Vous ne me dite pas un mot de votre retour.


Lorsque Mme Geoffrin entreprit, pour aller voir Stanislas Poniatowski, ce célèbre voyage en Pologne qui mit le sceau à sa réputation et au cours duquel elle recueillit autant d’hommages qu’une princesse, elle reçut à Varsovie une lettre de Mme Necker qui la toucha par les sentimens d’affectueuse sollicitude dont elle contenait l’expression et à laquelle elle répondit sur-le-champ.
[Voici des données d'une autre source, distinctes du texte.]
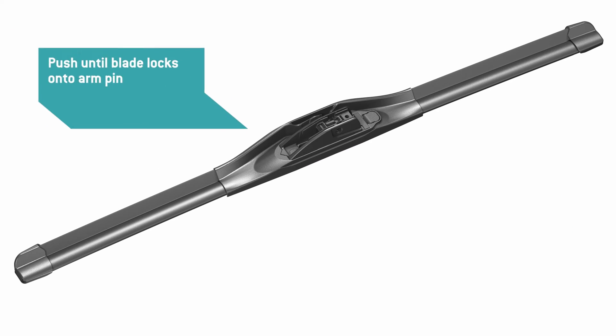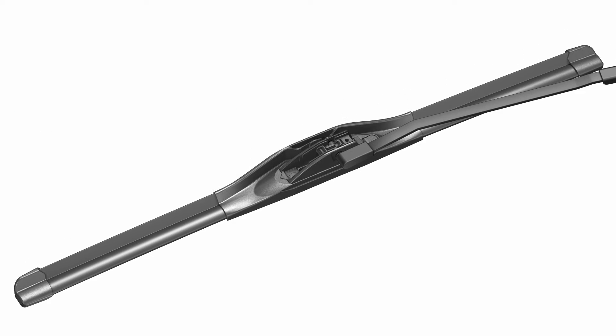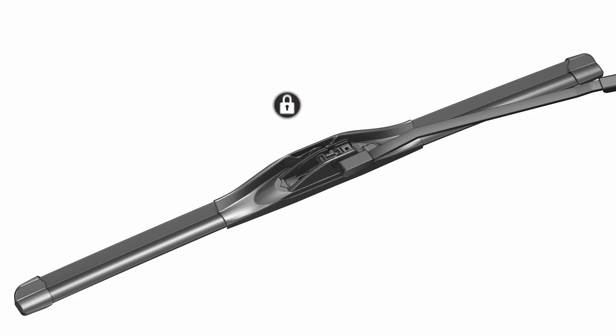Push the blade onto the arm pin until it locks in place. Then lower the arm, and be sure to check that the wiper blade is locked before use. It's that easy. Now you're ready for the road ahead.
À Warsovie, ce 15 août 1766.

Votre petit billet, ma belle, sentoit le sentiment de façon qu’an le lisant j’en ay étée embaumée.

Mon cœur s’est remplie avec délices, de cette bonne odeur.
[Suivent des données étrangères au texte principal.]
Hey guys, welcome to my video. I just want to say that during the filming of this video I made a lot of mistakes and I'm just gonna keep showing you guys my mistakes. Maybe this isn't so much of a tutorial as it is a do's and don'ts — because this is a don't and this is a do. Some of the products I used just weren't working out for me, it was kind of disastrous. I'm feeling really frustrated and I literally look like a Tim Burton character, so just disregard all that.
Vous êtes un ménage qui m’êtes bien agréables. Il y a peu de tems que je vous conois, et je vous ay déjà mis au rang, de mes plus anciens amis.
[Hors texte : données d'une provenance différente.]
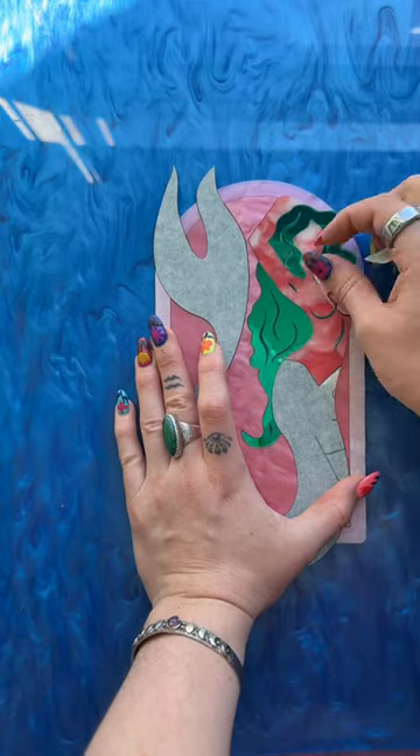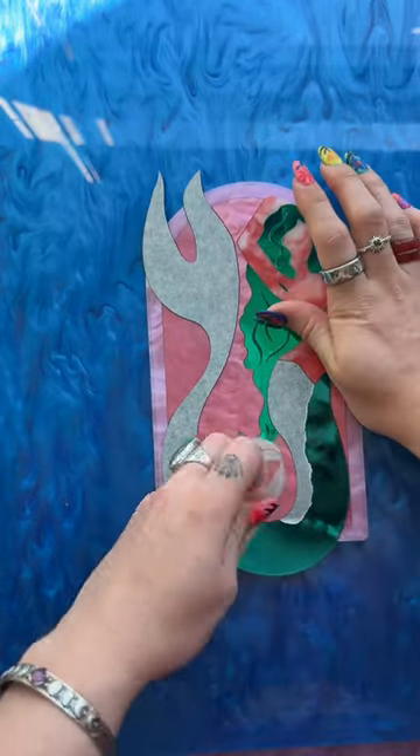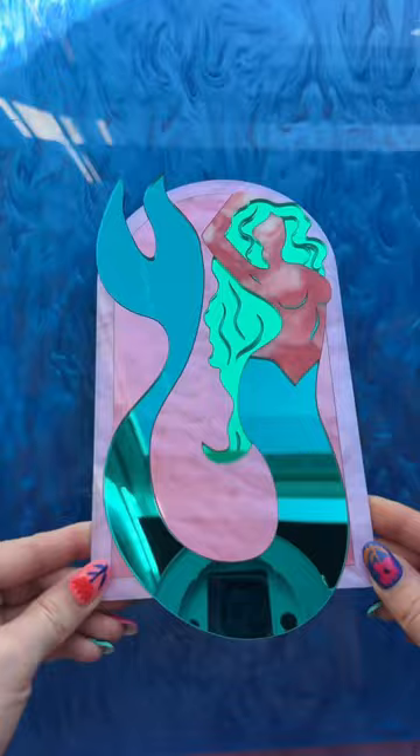Everything together looks so good and I can't wait for you guys to get it and hang it up. I hope that you love it — we certainly do and I definitely enjoyed making it. Comment if this is your order or if you would like us to make your order. Here's the final piece.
J’ay vu vos inquiétudes sur mon voiage, j’en ay étée touchée et j’en serai reconnoissante toute ma vie. La façon dont je l’ay soutenue en venant ici, doit tranquiliser mes amis sur mon retour.

Je vous assure que l’on me trouvera charmante ; le culte continuel que je rend à l’amitié, et celuy que j’en recois me fait trouver ce sentiment bien précieux, et bien nécessaire au soutien de la vie.

Tout ceux qui me l’ont inspirée, me seront bien chers.

Soies donc sur, heureux époux, du plaisir que j’oroi de vous revoir.


À son retour de Pologne, Mme Geoffrin mit beaucoup d’aimables soins à cultiver sa relation avec les Necker. Ces soins amenaient un échange fréquent de courts mais affectueux petits billets. Tantôt Mme Geoffrin écrit à Mme Necker pour lui annoncer qu’elle viendra manger du potage au coin de son lit et insiste pour n’avoir d’autre compagnie que celle du charmant ménage. Tantôt elle demande la permission d’envoyer chez Mme Necker, comme elle fait chez ses amis les plus intimes, une chaise qui lui est commode, et elle ajoute en parlant de M. Necker :


Mon bien aimé ayant les mêmes gouts que moi vouderoit sûrement avoir toujours ma chaise, et me batteroit comme fait sa petite fille pour m’obliger à la Uiy céder. Pour entretenir donc la paix de nos cœurs voila aussi une chaise pour lui ; les deux chaises sont d’une hauteur convenable, et par leur légèreté facile à transporter. Elle sont de la matière la plus simple. Elle ont étée achetée à l’inventaire de Philémon et de Baucis.